From here, there’s then a final set of manual testing. This is currently a check list in Excel with a list of steps to take, e.g. for the results xml control, we check that we can see the XML, transform it and download it. We typically don’t perform all of these tests for each release unless we’ve worked on that area / might have affected it. They can typically be performed in about 20-30 minutes, but that’s still a significant hit on developers’ time. The tester will then use our Excel addin to upload the test results (for audit trail purposes) to the dog fooding instance. This also has the effect of dogfooding the Excel integration.

Although this latter statement might seem that we’re ignoring our own imploration of testing everything, we mention it because it highlights the reality of software development in that testing budgets (time or money) are limited and that people have to make choices as to where to best spend their budgets. For these specific tests, it’s possible to automate most of them, but doing so would take a reasonable length of time and we think it’s not the highest priority task right now.

TLDR – We’ve adopted the approach of automating everything as much as possible using the full range of testing tools available to us (and will continue to do so) but where the cost of automation is currently greater than the cost of manual testing, then we are willing to make that choice.

Docker image

Although internally, we treat the API and UI as distinct projects, this is neither how an end user would think of them nor how we ship them publicly.

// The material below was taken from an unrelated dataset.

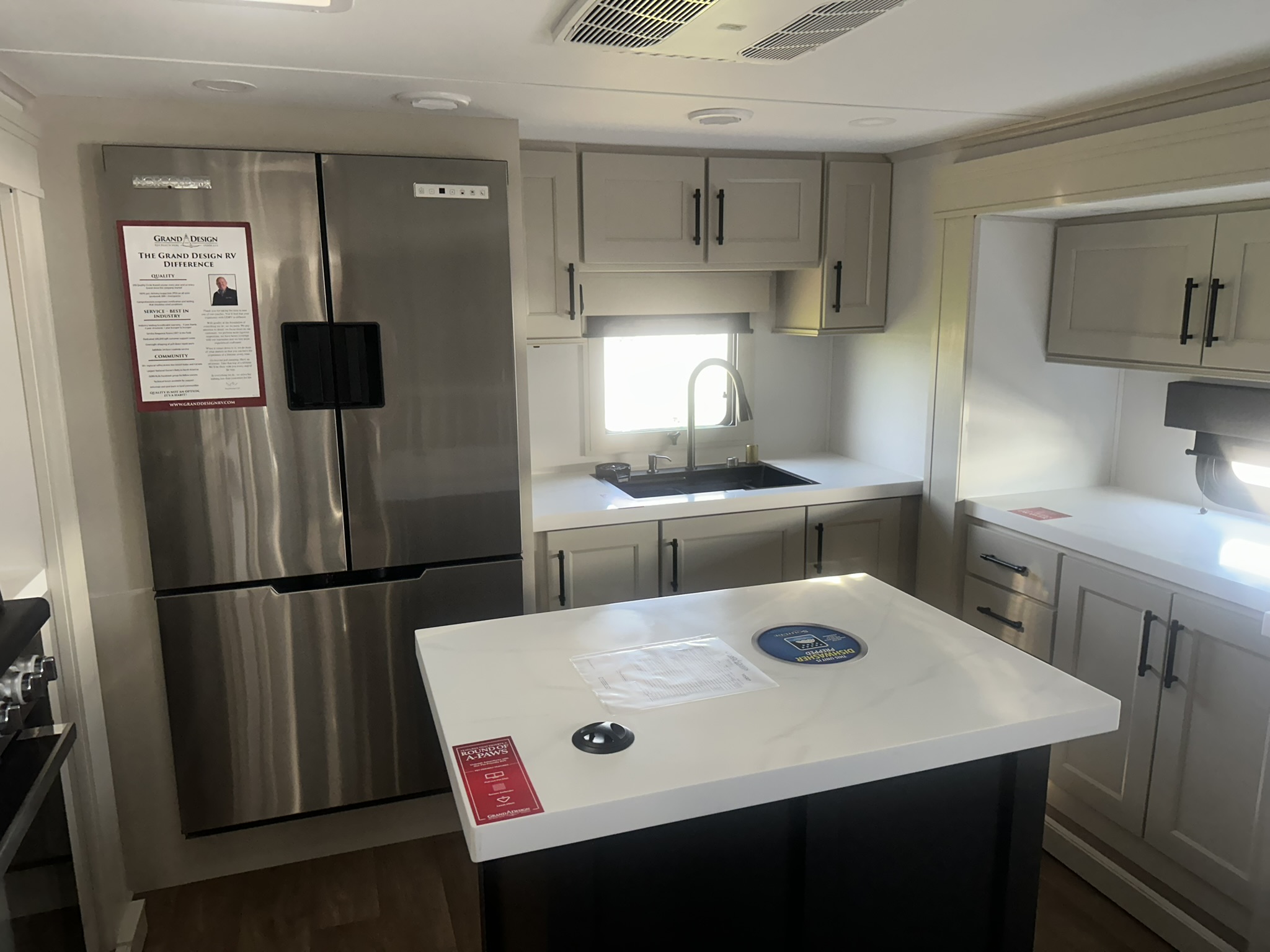 2026 GRAND DESIGN SOLITUDE 390RK - Image 16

To that end, we have a CI process which combines all of the various dependencies together to generate the actual Docker image that we upload to the public repository.

In order to ensure that this docker image behaves in the expected manner, we run multiple levels of tests:

  • Installer tests
    • Check that a completely fresh instance can be installed
    • Check that a new server against a valid DB instance can work
      • No DB upgrade needed
      • DB upgrade needed
    • Check that invalid states are handled
    • Check valid states just starts
  • Re-running API tests

Again, these results are uploaded to our dogfooding instance of Conical (dogfood-deployment). As with the API example, failures here are deemed to fail the whole build.

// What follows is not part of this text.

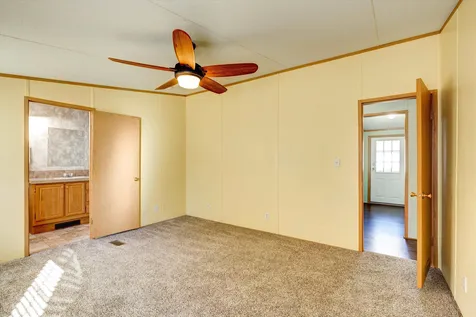 6 Pinto Lane Londonderry NH 03053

These results are all uploaded with an appropriate tag so that they can be identified as having come from a particular build pipeline, e.g. ci-123.

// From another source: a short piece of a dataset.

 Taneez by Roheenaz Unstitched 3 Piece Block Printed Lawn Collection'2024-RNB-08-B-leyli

Once all of the tests have run, then we use the command line evidence set creator tool to create an evidence set containing all of the testing evidence from that pipeline, no matter how it was created (API tests, DB tests etc.). We use this to double check that all of the testing has actually been run and that there hasn’t been a CI configuration problem etc.

After the automated tests have been run and the candidate image is ready, we can launch a CI job which spawns up a completely fresh instance of Conical using the candidate Docker image which is then populated (using the same population tool as we use for the demo instance). This allows us to perform some last minute sanity checks before we upload to the public Docker repository.

Future plans

Our future plans to improve the testing include:

  • Automating more of the UI tests
  • Running the UI tests against additional browsers / devices.
  • Updating the Excel checklist with an in-tool ‘test book’.
  • Using the dashboard functionality to provide a summary page for a release (we currently use an evidence set)